(Data section)
- - - -
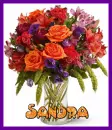 Sandra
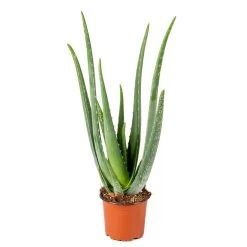 Aloë Vera – Vetplant & Succulent - ⌀12 Cm - ↕35-40 Cm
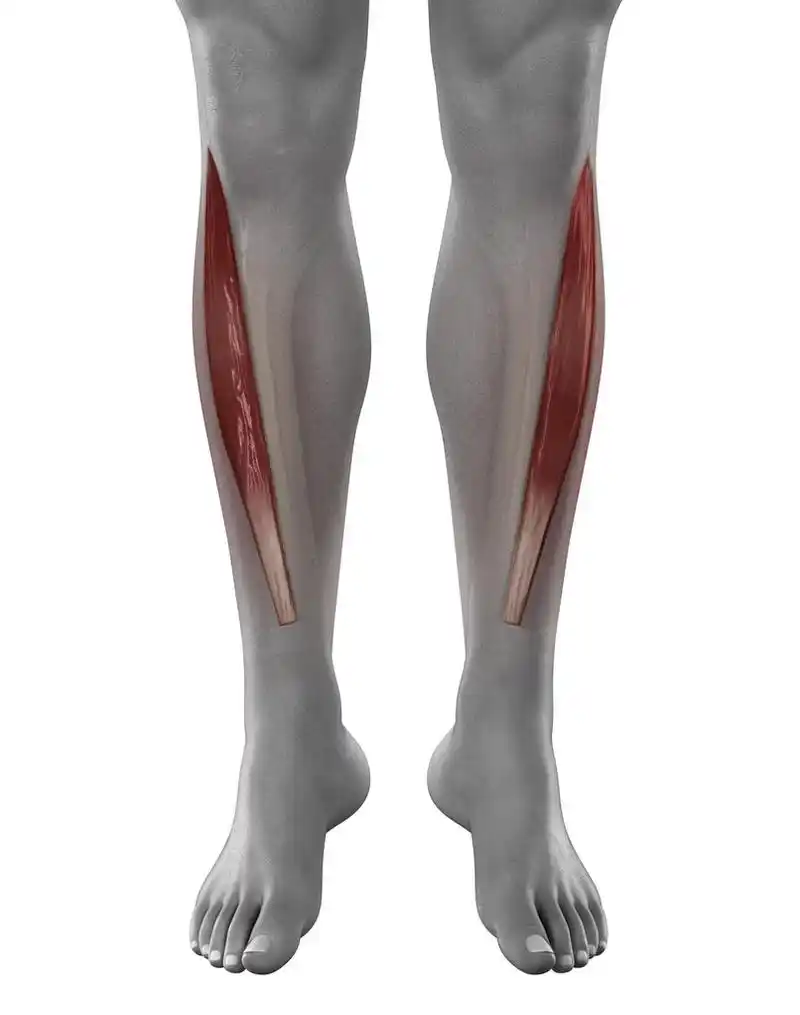 胫前肌处男,胫骨前男性肌解剖前查看隔离上的白色背景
- - - -
(Task statement)
The data above should be returned in full, exactly as written, apart from its images.

(Result below)
 Sandra
 Aloë Vera – Vetplant & Succulent - ⌀12 Cm - ↕35-40 Cm
 胫前肌处男,胫骨前男性肌解剖前查看隔离上的白色背景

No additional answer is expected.